• REQUIREMENT
Give each line of the records again exactly and omit every picture.

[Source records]
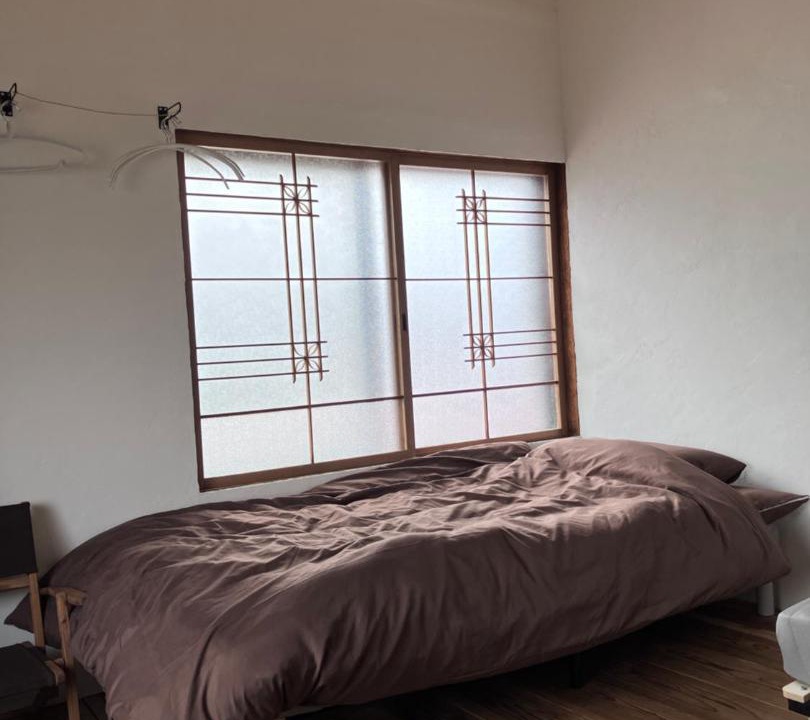 Photo of Bedroom in Furano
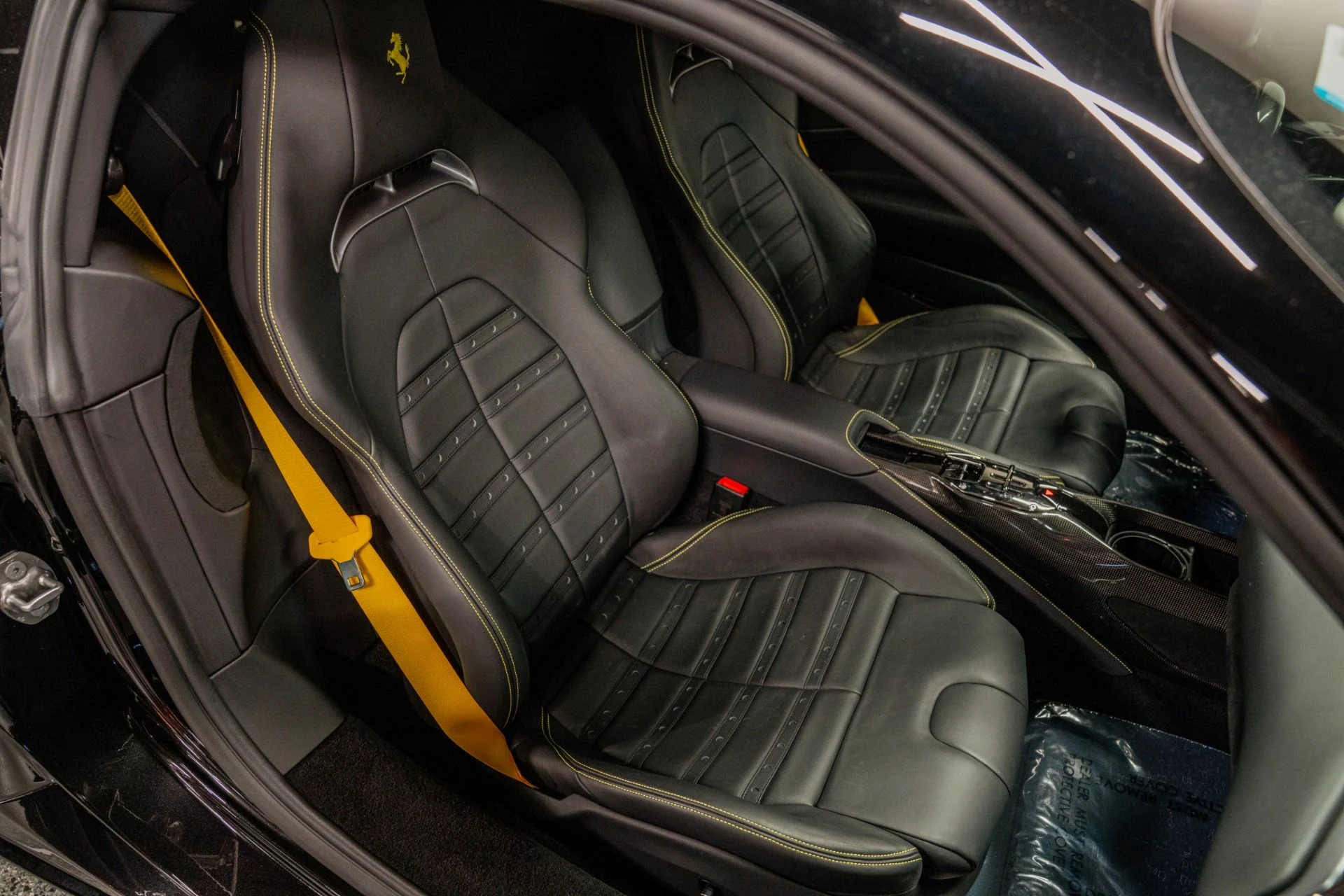 mph024_1179291418_Used_2024_Ferrari_SF_90_Stradale_Extensive_Carbon_Fiber_Daytona_Seats_Super_Low_Miles_1756153102_ce1a6f04a3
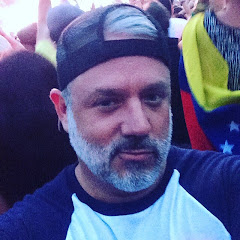 Thumbnail of related channel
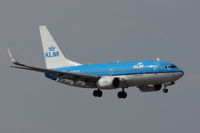 PH-BGU photo, click to enlarge PH-BGU photo, click to enlarge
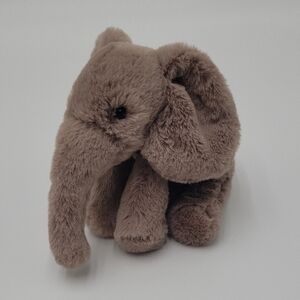 Jellycat Smudge Elephant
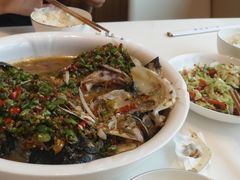 -辣公子·千岛湖私房菜(滨江店)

• EXPECTED OUTPUT
 Photo of Bedroom in Furano
 mph024_1179291418_Used_2024_Ferrari_SF_90_Stradale_Extensive_Carbon_Fiber_Daytona_Seats_Super_Low_Miles_1756153102_ce1a6f04a3
 Thumbnail of related channel
 PH-BGU photo, click to enlarge PH-BGU photo, click to enlarge
 Jellycat Smudge Elephant
 -辣公子·千岛湖私房菜(滨江店)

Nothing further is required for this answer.